On Jun 6, 2014, at 7:46 PM, Nick Coghlan <ncoghlan@gmail.com> wrote:


On 7 Jun 2014 06:08, "Donald Stufft" <donald@stufft.io> wrote:
>
>
> On Jun 6, 2014, at 9:41 AM, holger krekel <holger@merlinux.eu> wrote:
> >
> > Once you care for ACLs for indexes and releases you have a number
> > of issues to consider, it's hardly related to PEP470/PEP438.
>
> It is related, because it means that the exact same mechanisms can be used,
> people don’t have to learn two different ways of specifying externally hosted
> projects. In fact it also teaches them how to specify mirrors and the like as well
> something that any devpi user is already going to have to learn how to do.

This is the key benefit of PEP 470 from my perspective: some aspects of the Python packaging ecosystem suffer from a bad case of "too many ways to do it", and if we're ever going to fix that, we need to be ruthless in culling redundant concepts.

Specifying custom indexes is a feature with a lot of use cases - local mirrors and private indexes being two of the big ones.
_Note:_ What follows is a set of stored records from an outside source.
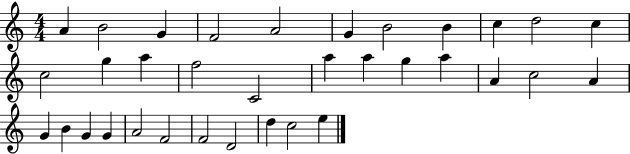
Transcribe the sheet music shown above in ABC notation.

X:1
T:Untitled
M:4/4
L:1/4
K:C
A B2 G F2 A2 G B2 B c d2 c c2 g a f2 C2 a a g a A c2 A G B G G A2 F2 F2 D2 d c2 e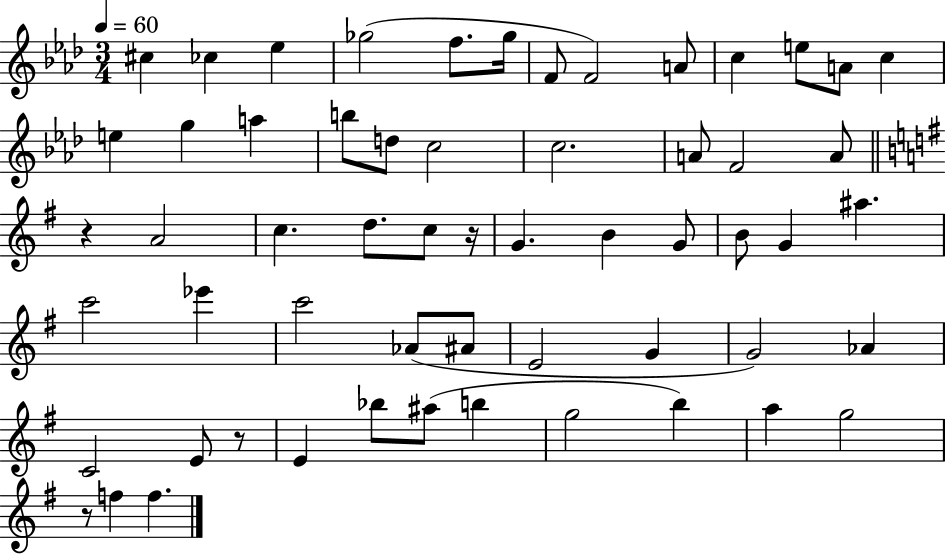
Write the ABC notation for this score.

X:1
T:Untitled
M:3/4
L:1/4
K:Ab
^c _c _e _g2 f/2 _g/4 F/2 F2 A/2 c e/2 A/2 c e g a b/2 d/2 c2 c2 A/2 F2 A/2 z A2 c d/2 c/2 z/4 G B G/2 B/2 G ^a c'2 _e' c'2 _A/2 ^A/2 E2 G G2 _A C2 E/2 z/2 E _b/2 ^a/2 b g2 b a g2 z/2 f f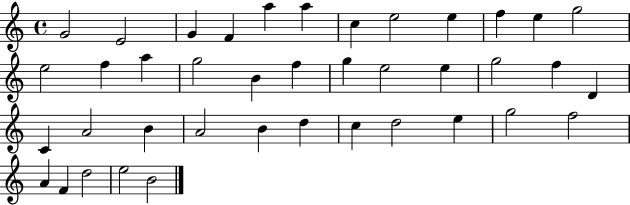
X:1
T:Untitled
M:4/4
L:1/4
K:C
G2 E2 G F a a c e2 e f e g2 e2 f a g2 B f g e2 e g2 f D C A2 B A2 B d c d2 e g2 f2 A F d2 e2 B2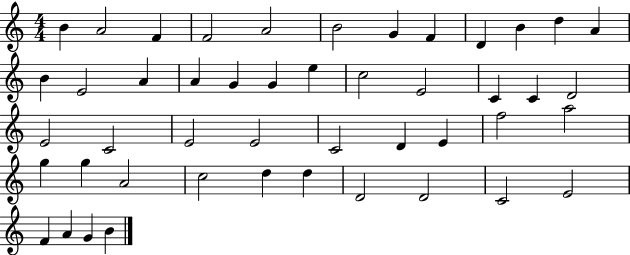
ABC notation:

X:1
T:Untitled
M:4/4
L:1/4
K:C
B A2 F F2 A2 B2 G F D B d A B E2 A A G G e c2 E2 C C D2 E2 C2 E2 E2 C2 D E f2 a2 g g A2 c2 d d D2 D2 C2 E2 F A G B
By contrast, external references from the simple API duplicate a small subset of the custom index functionality in a way that introduces a whole slew of new concepts that still need to be documented and learned, even if the advice is "don't use that, use custom indexes instead".

As far as dev-pi goes, if it's only mirroring links rather than externally hosted files today, then in the future, it will still automatically mirror the external index URLs. Dependency update scanners could follow those links automatically, even if pip install doesn't check them by default.
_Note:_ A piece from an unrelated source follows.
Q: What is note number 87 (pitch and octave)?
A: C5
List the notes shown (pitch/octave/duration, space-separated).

One other nice consequence of PEP 470 should make it easier for organisations to flag and investigate cases where they're relying on an upstream source other than PyPI, regardless of whether they care about the details of their dependencies' hosting for speed, reliability or legal reasons.

From a migration perspective, how hard would it be to automate generation of a custom index page on pythonhosted.org for projects currently relying on external references? That would still let us make the client changes without needing to special case PIL.
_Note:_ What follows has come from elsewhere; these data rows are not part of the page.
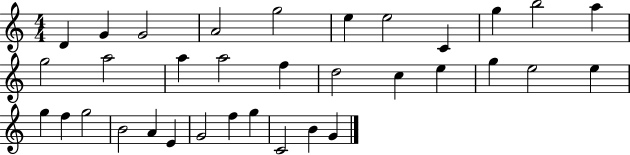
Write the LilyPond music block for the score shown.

{
  \clef treble
  \numericTimeSignature
  \time 4/4
  \key c \major
  d'4 g'4 g'2 | a'2 g''2 | e''4 e''2 c'4 | g''4 b''2 a''4 | \break g''2 a''2 | a''4 a''2 f''4 | d''2 c''4 e''4 | g''4 e''2 e''4 | \break g''4 f''4 g''2 | b'2 a'4 e'4 | g'2 f''4 g''4 | c'2 b'4 g'4 | \break \bar "|."
}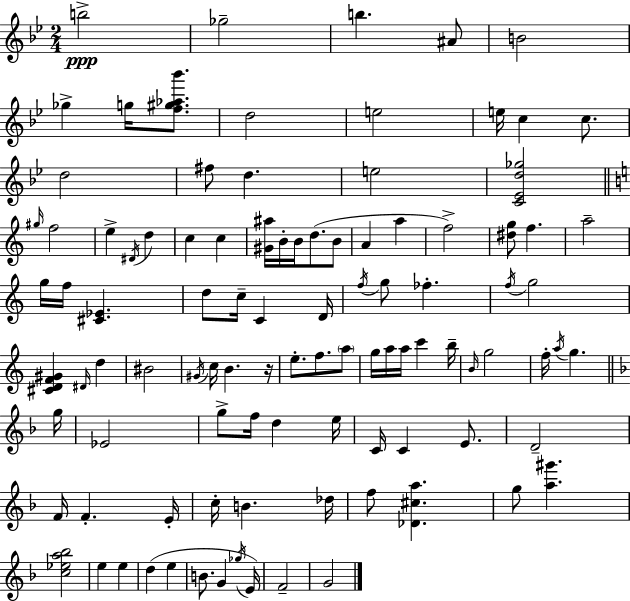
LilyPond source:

{
  \clef treble
  \numericTimeSignature
  \time 2/4
  \key bes \major
  b''2->\ppp | ges''2-- | b''4. ais'8 | b'2 | \break ges''4-> g''16 <f'' gis'' aes'' bes'''>8. | d''2 | e''2 | e''16 c''4 c''8. | \break d''2 | fis''8 d''4. | e''2 | <c' ees' d'' ges''>2 | \break \bar "||" \break \key a \minor \grace { gis''16 } f''2 | e''4-> \acciaccatura { dis'16 } d''4 | c''4 c''4 | <gis' ais''>16 b'16-. b'16 d''8.( | \break b'8 a'4 a''4 | f''2->) | <dis'' g''>8 f''4. | a''2-- | \break g''16 f''16 <cis' ees'>4. | d''8 c''16-- c'4 | d'16 \acciaccatura { f''16 } g''8 fes''4.-. | \acciaccatura { f''16 } g''2 | \break <cis' d' f' gis'>4 | \grace { dis'16 } d''4 bis'2 | \acciaccatura { gis'16 } c''16 b'4. | r16 e''8.-. | \break f''8. \parenthesize a''8 g''16 a''16 | a''16 c'''4 b''16-- \grace { b'16 } g''2 | f''16-. | \acciaccatura { a''16 } g''4. \bar "||" \break \key f \major g''16 ees'2 | g''8-> f''16 d''4 | e''16 c'16 c'4 e'8. | d'2-- | \break f'16 f'4.-. | e'16-. c''16-. b'4. | des''16 f''8 <des' cis'' a''>4. | g''8 <a'' gis'''>4. | \break <c'' ees'' a'' bes''>2 | e''4 e''4 | d''4( e''4 | b'8. g'4 | \break \acciaccatura { ges''16 }) e'16 f'2-- | g'2 | \bar "|."
}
Not very difficult. My current crawl script could generate a minimal one with some minor modifications (it’d have to save the whole URL instead of just the filename) and would take about 3 hours to process. This process would also weed out links which have died and the like. Downside would be these files wouldn’t be verifies so it would be external + unsafe index since we don’t have hash information to make them safe. Of course this would be the case for PIL anyways which easily makes up most of this traffic so this could just end up in the wash as far as how “safe” it is.

Also, it occurred to me that while the latest/any split matters for new users, we still need to consider the impact on projects which have pinned dependencies on older versions of packages that were previously externally hosted, but have moved to PyPI for more recent releases. I still think dropping the external reference feature from the simple API in favour of improving the custom index support is the right to do, but a couple of *client side* examples of handling the migration could help clarify the consequences for the existing users that may be affected.



Right, this was one of the reasons my old numbers had a split at 50%, part of the idea was that a project with less than some percent of it’s files hosted on PyPI had a smaller “breakage” surface, even for old pinned versions. I can get these numbers too again if they’d be useful, though I’m not sure if they should go in the PEP or not, it’s already kind of heavy on the numbers I think and I’m not sure additional numbers would be more or less confusing.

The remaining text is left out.